Work was fine no problems whatsoever. I worked double shift there at the library, and didn’t even care. I am sure if you listened close enough you could hear me humming the happiest tune. Life was great. Then, something in the air begun to change and it wasn’t good.

Everyday at 4 o’clock we have to check the book drop here at the library. It’s not bad, it’s just a thing. But about 3 o’clock it started to thunder and lightning, and the wind began to blow. I was shelving books and kept looking out the window, in dread. “Please don’t let it rain until after book drop” I would pray. I didn’t being a jacket or anything because, well, I already told you what the weather was like earlier. I continue to shelve my cart of books, the lights in the library flickered (really, they did). Kind of hoping the power would go out completely so I could go home early was entertaining my thoughts. I turn around to get some more books from my cart and to my surprised there is a person standing right behind me. I gasped in horror. “Are you ready to do book drop?” the mysterious voice asked. I turned around and it was just my co-worker, kind of relived and at the same time disappointed (because if it was someone scarier it would have made a better story). I look at my watch and realized it was 4. I nodded. “Let’s do this book drop before it starts to rain.” Lisa, my co-worker, pointed towards the window “I already to see raindrops on the window.” As I looked I felt the whole earth crashing down on me. It had just barely started to rain and it was still slow. “Well, then, lets hurry before it starts to pour.” The wind blew harder as if it were replying to what I had said.
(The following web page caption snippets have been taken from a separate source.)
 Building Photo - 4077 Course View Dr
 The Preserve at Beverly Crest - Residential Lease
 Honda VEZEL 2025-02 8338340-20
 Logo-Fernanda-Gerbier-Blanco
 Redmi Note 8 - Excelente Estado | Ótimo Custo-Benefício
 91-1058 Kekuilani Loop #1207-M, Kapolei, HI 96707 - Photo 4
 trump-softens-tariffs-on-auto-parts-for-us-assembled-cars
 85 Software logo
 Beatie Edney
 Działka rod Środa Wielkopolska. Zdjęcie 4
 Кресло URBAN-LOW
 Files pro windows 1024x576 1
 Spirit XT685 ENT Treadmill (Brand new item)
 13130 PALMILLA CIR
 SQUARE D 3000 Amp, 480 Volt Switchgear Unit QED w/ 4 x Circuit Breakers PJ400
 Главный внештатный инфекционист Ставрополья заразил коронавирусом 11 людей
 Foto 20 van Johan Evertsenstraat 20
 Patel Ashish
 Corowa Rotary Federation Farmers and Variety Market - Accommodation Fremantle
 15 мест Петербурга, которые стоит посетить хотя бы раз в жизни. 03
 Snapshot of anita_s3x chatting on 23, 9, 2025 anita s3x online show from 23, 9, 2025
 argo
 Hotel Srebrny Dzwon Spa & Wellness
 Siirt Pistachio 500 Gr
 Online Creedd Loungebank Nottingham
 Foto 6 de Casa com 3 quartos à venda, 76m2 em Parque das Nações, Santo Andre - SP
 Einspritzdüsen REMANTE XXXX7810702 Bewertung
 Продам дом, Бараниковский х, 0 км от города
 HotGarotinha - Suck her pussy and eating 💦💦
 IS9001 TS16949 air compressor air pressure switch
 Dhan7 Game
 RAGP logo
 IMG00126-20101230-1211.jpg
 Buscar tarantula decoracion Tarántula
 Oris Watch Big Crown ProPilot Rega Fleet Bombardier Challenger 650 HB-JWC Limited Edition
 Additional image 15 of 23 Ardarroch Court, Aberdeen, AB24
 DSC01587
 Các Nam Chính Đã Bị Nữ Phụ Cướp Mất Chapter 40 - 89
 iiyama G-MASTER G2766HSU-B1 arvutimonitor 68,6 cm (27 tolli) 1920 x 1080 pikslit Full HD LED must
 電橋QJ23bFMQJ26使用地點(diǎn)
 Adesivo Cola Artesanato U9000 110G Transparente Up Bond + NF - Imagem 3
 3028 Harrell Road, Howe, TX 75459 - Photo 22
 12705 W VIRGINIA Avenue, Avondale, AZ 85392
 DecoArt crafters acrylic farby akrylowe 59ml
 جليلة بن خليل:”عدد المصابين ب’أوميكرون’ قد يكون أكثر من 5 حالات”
We got the empty book drops so we could switch them with the full ones outside. I asked Lisa, “Do you think we will need the tarps?” (That is what we put on the books to keep them dry while we are outside) She opens the door to check, and it is already raining harder than what it was two minutes ago. “I think we will need them,” she says. I sigh audibly, “Alright, well lets get this done fast before it gets worse.”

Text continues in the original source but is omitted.